The latest deluge in swathes of northern India has for the first time this year pushed the monsoon into surplus zone for the entire country. But Kolkata has so far registered a rain deficit of close to 50 per cent.

The city’s usual quota of rain between June 1 and July 13 is around 442.8mm, according to the Met office. But this year, Kolkata has received only 233.1mm of rain in this period. The deficit is 47.3 per cent.

In Kolkata, June usually sees around a dozen “rain days” and July around 18. “Rain days” are days when the Met office in Alipore records some precipitation. This year, June got 11 rain days and July so far only four.

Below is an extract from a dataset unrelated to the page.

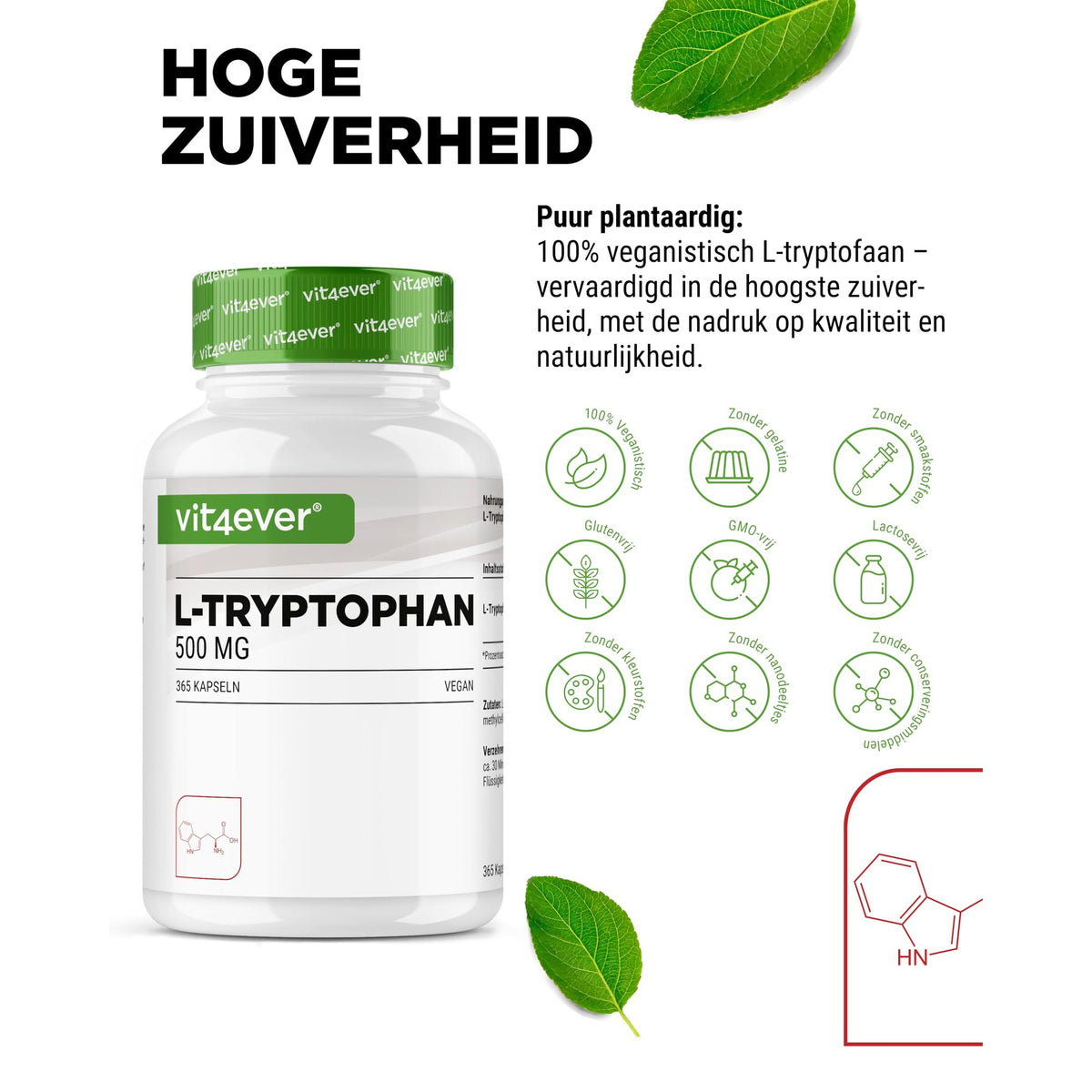Vit4ever L-Tryptofaan 500mg - hoge zuiverheid, 100% vegan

“But the problem is not only about the lack of rain days. There has not been a single day of heavy rain this monsoon,” said G.K. Das, director, India Meteorological Department, Kolkata.

He attributed the rain deficit to the lack of low-pressure areas over the Bay of Bengal.

“So far, there has just been one low-pressure area over the Bay around June 25. Monsoon rain in lower Gangetic Bengal is dependent on a strong system over the Bay. An active monsoon trough passing through south Bengal alone is not enough to trigger heavy rain in Kolkata and adjoining areas,” said a Met official.

Forecast

The situation is likely to change though. The monsoon trough, now in the foothills of the Himalayas, is likely to descend by Saturday.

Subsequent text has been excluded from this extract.